AIM OF THE TASK
When you reach the line containing "a bathroom with", begin reproducing the material exactly, stop after the line containing "Large-format promotional graphics", and leave out any pictures along the way.

DATA FOR REVIEW
● ● ● ● ●

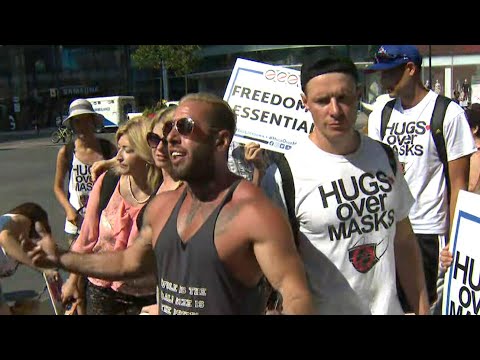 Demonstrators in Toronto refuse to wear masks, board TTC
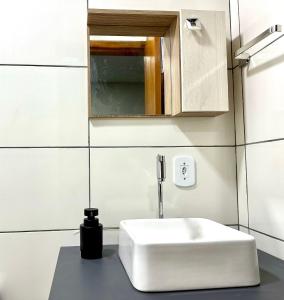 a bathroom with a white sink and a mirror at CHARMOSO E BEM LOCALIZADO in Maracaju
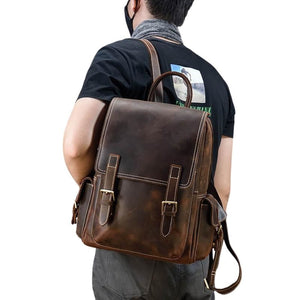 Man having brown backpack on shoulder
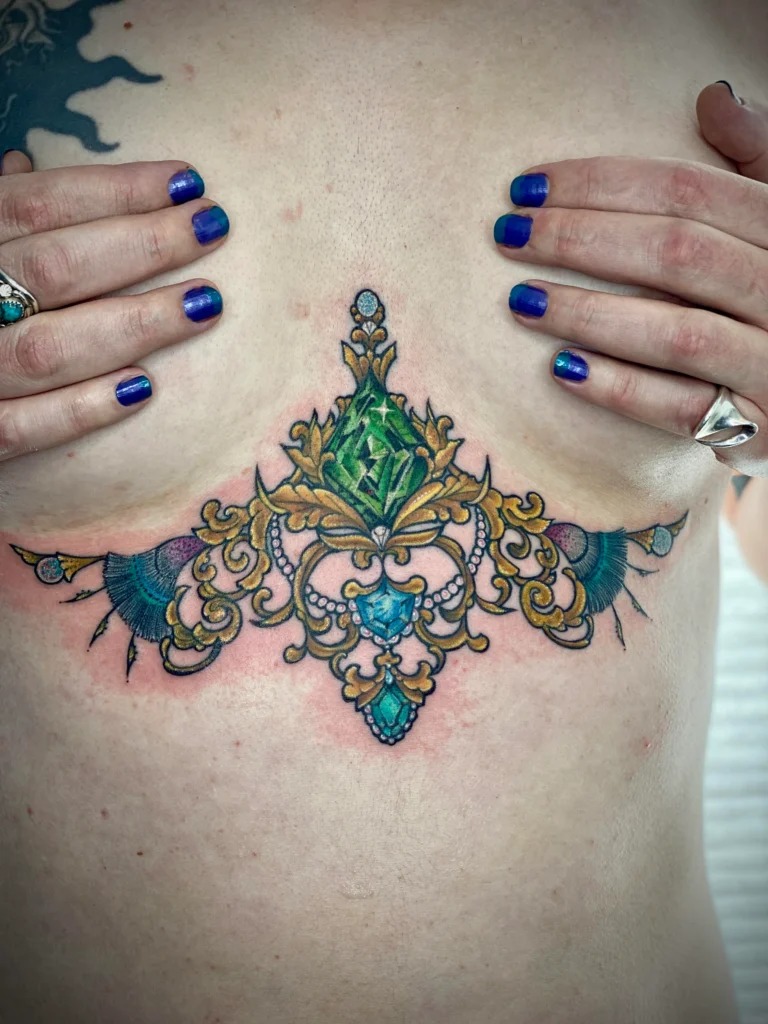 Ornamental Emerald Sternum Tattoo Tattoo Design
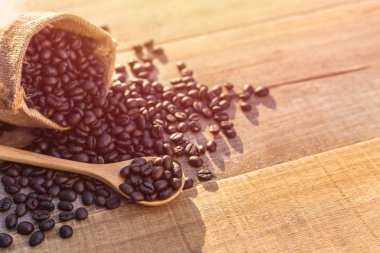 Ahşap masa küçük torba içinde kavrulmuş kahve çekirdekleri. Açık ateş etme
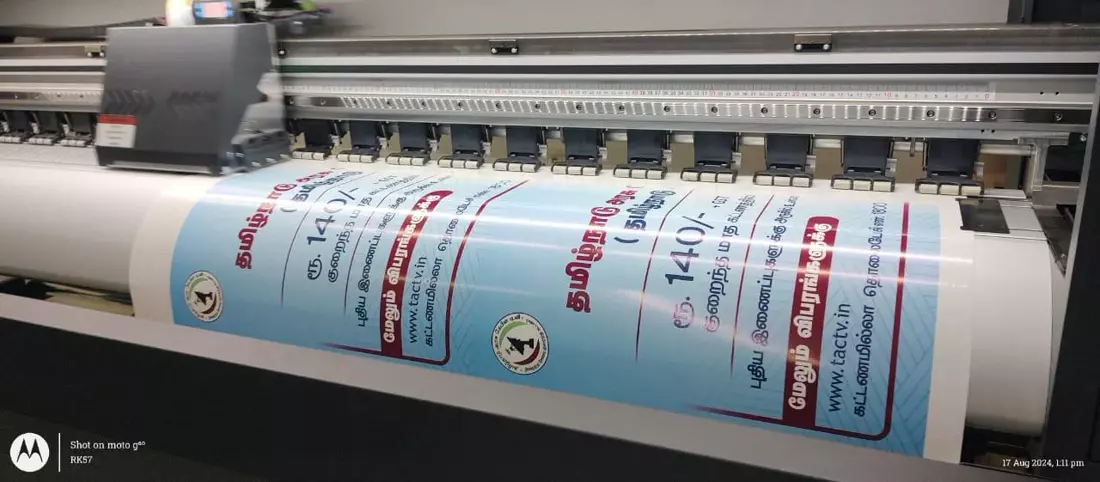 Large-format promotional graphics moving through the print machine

● ● ● ● ●

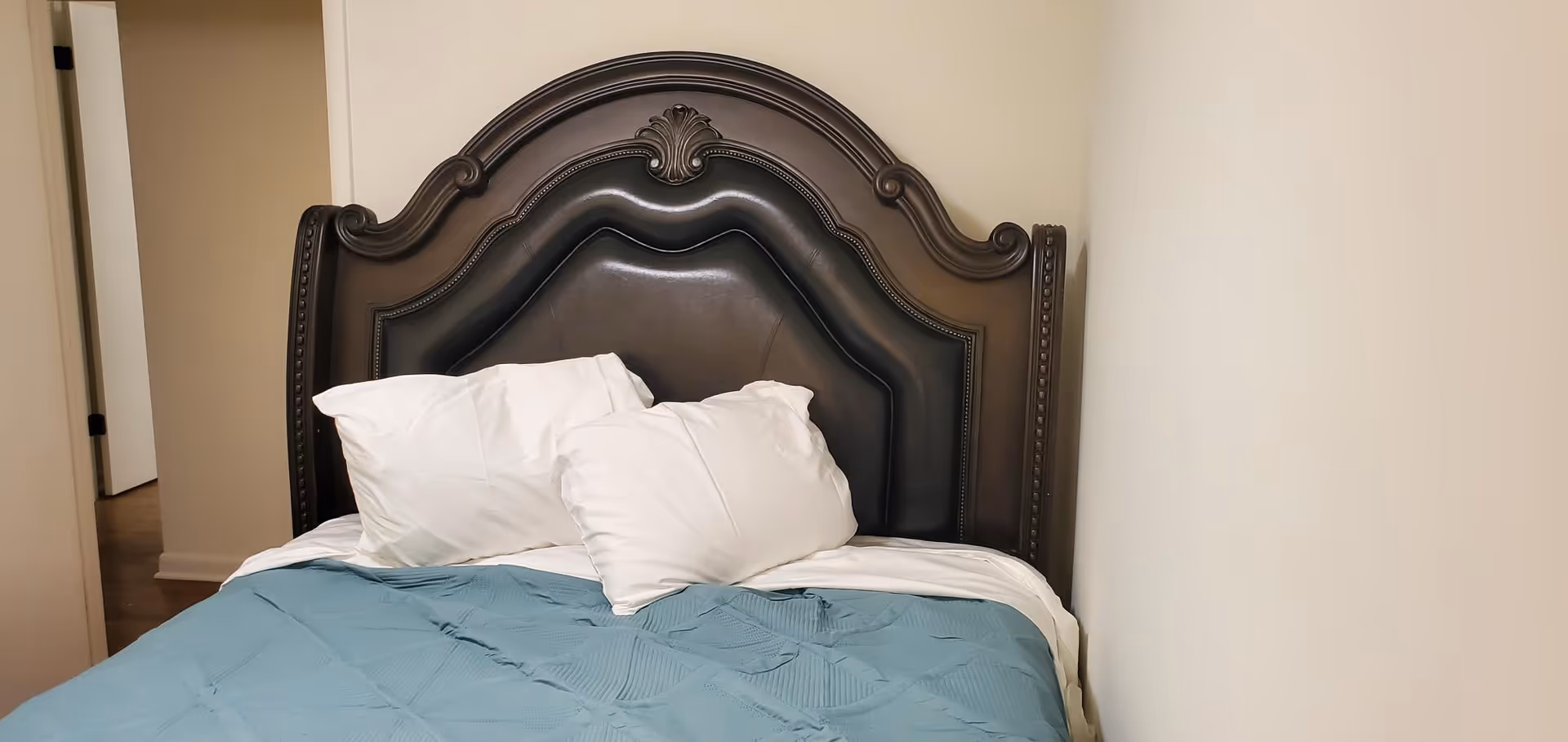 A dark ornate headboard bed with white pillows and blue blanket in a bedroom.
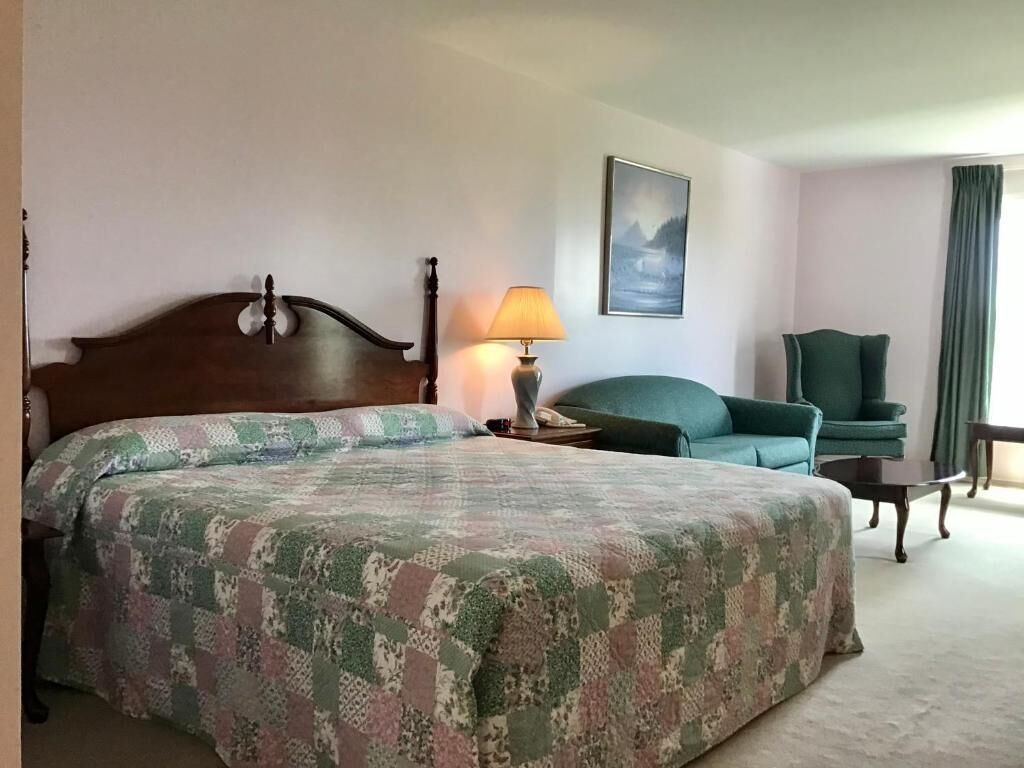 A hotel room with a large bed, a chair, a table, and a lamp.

● ● ● ● ●

RESULT OF THIS EXERCISE
 a bathroom with a white sink and a mirror at CHARMOSO E BEM LOCALIZADO in Maracaju
 Man having brown backpack on shoulder
 Ornamental Emerald Sternum Tattoo Tattoo Design
 Ahşap masa küçük torba içinde kavrulmuş kahve çekirdekleri. Açık ateş etme
 Large-format promotional graphics moving through the print machine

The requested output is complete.